Concert Review: Suzanne Vega

Suzanne Vega 88 248. (photo credit: Bert Sanchez, courtesy)

Suzanne Vega Mann Auditorium Tel Aviv July 19 Suzanne Vega, the woman in black, played an even-key concert to two sold-out crowds of enthusiastic fans that turned out for back-to-back concerts in Tel Aviv on Sunday. In the first part of her double-header, Vega transitioned from solo acoustic guitar to acoustic-plus-bass to acoustic-plus-bass-plus-electric guitar. Brass and drums not in the mix, she would later ditch her guitar to focus on presenting her timeless, breathy voice, leaving the accompaniment to her two aforementioned cohorts. In between hits like "Left of Center," "Tom's Diner," "Blood Makes Noise" and "Caramel" and newer songs like "Tombstone," "Pornographer's Dream" and "The Man Who Played God," Vega offered some lighthearted, and at times sarcastic, banter with the audience. Though the acoustics at the Mann Auditorium are embarrassingly sub-par, at least the "noise" in "Blood Makes Noise" succeeded in taking center stage - and nobody seemed to mind. Fans were more than happy to sing along on "Luka" and to clap - offbeat - to whatever they could.
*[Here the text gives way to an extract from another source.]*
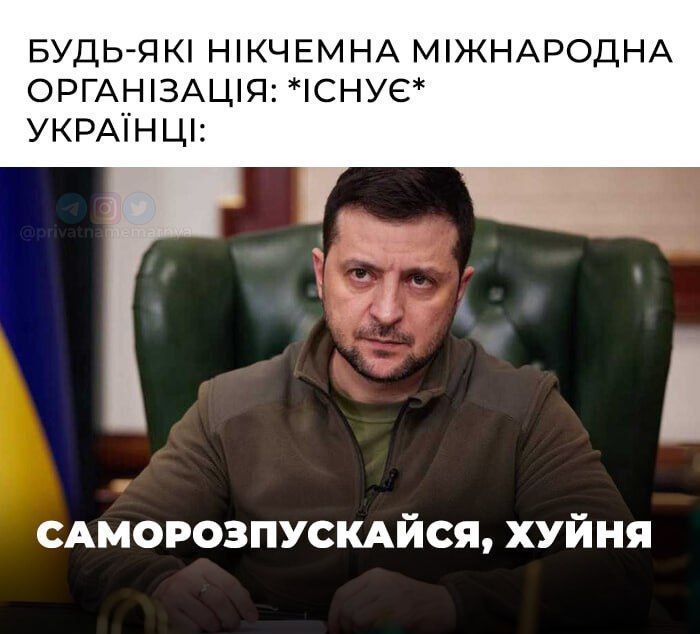 Юзеры продолжают делать мемы об 'обеспокоенной' ООН - 559519 Юзеры продолжают делать мемы об 'обеспокоенной' ООН - фото 559519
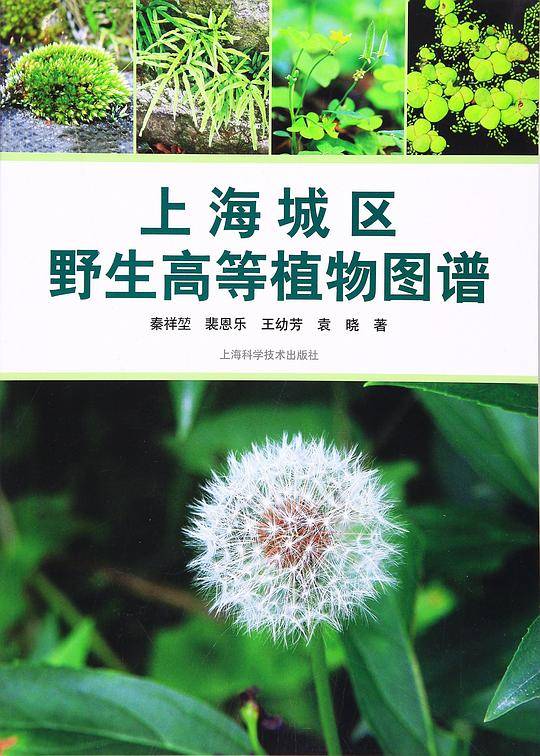上海城区野生高等植物图谱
During a climatic "Tom's Diner," Vega humorously leaned over to check herself out on the large screen set up next to the stage. She capped the song by ceremoniously donning her iconic hat. The singer was given two standing ovations, bringing about a two-song encore ("You want more?" she asked, answering her own question with "Okay"), followed by a one-song encore requested by an audience member. Vega, who brought with her that same youthful voice for which she is known, played it cool, even in the face of a microphone that would not dislodge from its stand. Upon her triumph over the amplification device, she rightfully earned a round of applause from her enamored audience. After all, Vega is known for her intuitive and amusing observations on everyday occurrences.